Całą noc przewracałam się na łóżku. Musiałam raz wstać, żeby zwymiotować, chociaż nic nie jadłam od lunchu. Utrata pracy to jedno, ale pociągałam za sobą Dianę, i to wydawało mi się niewyobrażalne. Zaciskałam zęby, nienawidząc Sydney czy też raczej jego śmietanki towarzyskiej. Dlaczego nie zostałam w barze, gdzie moim największym wyzwaniem był kontakt z ludźmi żądającymi koktajli bez lodów?
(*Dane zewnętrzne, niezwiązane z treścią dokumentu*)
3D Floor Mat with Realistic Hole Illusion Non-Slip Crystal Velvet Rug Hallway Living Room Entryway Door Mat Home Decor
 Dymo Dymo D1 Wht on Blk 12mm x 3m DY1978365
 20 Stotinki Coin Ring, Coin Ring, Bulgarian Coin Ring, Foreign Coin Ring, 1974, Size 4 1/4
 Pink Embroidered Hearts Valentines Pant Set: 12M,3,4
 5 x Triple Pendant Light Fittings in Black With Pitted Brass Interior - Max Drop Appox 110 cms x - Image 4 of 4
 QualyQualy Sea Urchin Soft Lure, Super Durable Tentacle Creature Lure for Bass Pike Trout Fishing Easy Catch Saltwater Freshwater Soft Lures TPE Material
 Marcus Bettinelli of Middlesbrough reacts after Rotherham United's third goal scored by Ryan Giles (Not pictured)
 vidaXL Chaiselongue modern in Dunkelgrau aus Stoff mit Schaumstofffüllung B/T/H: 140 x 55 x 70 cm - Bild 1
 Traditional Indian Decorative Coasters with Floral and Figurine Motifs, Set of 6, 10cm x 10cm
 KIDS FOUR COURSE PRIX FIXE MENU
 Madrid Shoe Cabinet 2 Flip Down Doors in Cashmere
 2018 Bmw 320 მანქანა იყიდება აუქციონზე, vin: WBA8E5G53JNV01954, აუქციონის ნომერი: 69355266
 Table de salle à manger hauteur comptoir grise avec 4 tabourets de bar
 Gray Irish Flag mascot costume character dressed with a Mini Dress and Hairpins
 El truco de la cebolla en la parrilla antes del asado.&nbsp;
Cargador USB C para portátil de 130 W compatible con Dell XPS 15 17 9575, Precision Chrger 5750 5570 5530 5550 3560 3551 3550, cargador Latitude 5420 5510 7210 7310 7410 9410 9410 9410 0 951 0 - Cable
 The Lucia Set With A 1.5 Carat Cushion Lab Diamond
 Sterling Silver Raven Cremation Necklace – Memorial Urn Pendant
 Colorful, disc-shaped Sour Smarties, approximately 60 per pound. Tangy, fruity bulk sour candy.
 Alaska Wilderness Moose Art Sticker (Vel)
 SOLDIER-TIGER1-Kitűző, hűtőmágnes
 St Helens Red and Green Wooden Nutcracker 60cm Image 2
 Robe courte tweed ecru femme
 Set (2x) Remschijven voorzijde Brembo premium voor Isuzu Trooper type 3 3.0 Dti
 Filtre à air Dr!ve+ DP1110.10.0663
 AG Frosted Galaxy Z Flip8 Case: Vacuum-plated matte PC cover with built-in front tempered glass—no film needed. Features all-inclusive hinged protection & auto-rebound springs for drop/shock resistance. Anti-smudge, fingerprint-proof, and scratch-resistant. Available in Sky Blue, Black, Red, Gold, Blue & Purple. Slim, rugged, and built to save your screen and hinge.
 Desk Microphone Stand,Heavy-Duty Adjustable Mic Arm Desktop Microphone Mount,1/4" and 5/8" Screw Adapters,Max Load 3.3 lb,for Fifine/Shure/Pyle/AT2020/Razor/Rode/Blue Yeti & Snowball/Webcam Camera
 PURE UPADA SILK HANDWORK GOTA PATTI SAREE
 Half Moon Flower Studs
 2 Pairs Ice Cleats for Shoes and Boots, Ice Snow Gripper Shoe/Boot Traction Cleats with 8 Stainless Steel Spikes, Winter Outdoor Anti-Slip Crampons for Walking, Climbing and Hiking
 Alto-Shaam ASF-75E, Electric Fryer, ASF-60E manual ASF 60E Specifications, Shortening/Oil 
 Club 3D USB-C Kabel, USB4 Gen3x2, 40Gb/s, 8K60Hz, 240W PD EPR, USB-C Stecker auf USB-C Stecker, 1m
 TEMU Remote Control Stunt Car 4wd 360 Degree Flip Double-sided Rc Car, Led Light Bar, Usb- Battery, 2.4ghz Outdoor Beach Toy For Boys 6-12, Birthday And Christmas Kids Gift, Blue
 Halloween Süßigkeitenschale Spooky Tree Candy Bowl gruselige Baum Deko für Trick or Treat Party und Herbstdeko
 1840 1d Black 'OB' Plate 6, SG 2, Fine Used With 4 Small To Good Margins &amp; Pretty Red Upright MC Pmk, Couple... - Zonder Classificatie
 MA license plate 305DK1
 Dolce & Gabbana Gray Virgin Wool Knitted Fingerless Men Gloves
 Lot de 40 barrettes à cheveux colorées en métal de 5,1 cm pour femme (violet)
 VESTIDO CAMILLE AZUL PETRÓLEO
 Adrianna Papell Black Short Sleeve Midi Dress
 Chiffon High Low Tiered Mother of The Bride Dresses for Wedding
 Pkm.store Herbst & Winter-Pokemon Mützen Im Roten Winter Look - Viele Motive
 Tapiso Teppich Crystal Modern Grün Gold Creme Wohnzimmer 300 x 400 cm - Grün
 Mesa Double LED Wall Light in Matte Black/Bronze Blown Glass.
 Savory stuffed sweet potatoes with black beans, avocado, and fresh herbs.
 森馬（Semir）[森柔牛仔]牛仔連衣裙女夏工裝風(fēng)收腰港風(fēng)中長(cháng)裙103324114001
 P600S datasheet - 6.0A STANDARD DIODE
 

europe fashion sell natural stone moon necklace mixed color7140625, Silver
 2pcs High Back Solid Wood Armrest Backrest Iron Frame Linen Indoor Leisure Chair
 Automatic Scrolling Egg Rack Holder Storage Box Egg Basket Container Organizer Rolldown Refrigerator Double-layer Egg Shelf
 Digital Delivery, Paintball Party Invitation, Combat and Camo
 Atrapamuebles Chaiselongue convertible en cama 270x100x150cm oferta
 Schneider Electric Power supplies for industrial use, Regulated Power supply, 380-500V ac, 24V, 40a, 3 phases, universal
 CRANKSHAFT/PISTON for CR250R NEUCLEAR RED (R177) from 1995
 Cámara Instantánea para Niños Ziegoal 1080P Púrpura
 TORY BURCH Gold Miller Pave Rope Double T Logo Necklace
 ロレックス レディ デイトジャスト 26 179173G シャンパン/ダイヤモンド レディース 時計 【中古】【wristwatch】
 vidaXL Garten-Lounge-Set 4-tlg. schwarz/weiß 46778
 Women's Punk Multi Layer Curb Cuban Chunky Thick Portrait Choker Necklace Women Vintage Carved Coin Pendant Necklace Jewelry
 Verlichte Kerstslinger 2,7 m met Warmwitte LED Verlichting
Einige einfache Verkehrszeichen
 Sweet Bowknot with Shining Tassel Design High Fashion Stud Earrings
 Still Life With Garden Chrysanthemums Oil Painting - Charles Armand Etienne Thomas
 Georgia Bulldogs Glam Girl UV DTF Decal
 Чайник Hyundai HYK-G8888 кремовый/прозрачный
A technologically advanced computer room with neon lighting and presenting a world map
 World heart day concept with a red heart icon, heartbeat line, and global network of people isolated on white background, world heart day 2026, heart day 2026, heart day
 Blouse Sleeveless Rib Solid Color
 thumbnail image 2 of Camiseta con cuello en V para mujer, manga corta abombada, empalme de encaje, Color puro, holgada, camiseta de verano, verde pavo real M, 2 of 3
Następnego ranka – jak podejrzewałam, ostatniego w „Sydney Herald” – włożyłam czarno – białą sukienkę. Ubierałam się powoli, jak człowiek idący na pogrzeb, Skoro mieli mnie zganić i zwolnić za nieznajomość tego aroganta, postanowiłam okazać klasę. Żal mi było tylko Diany.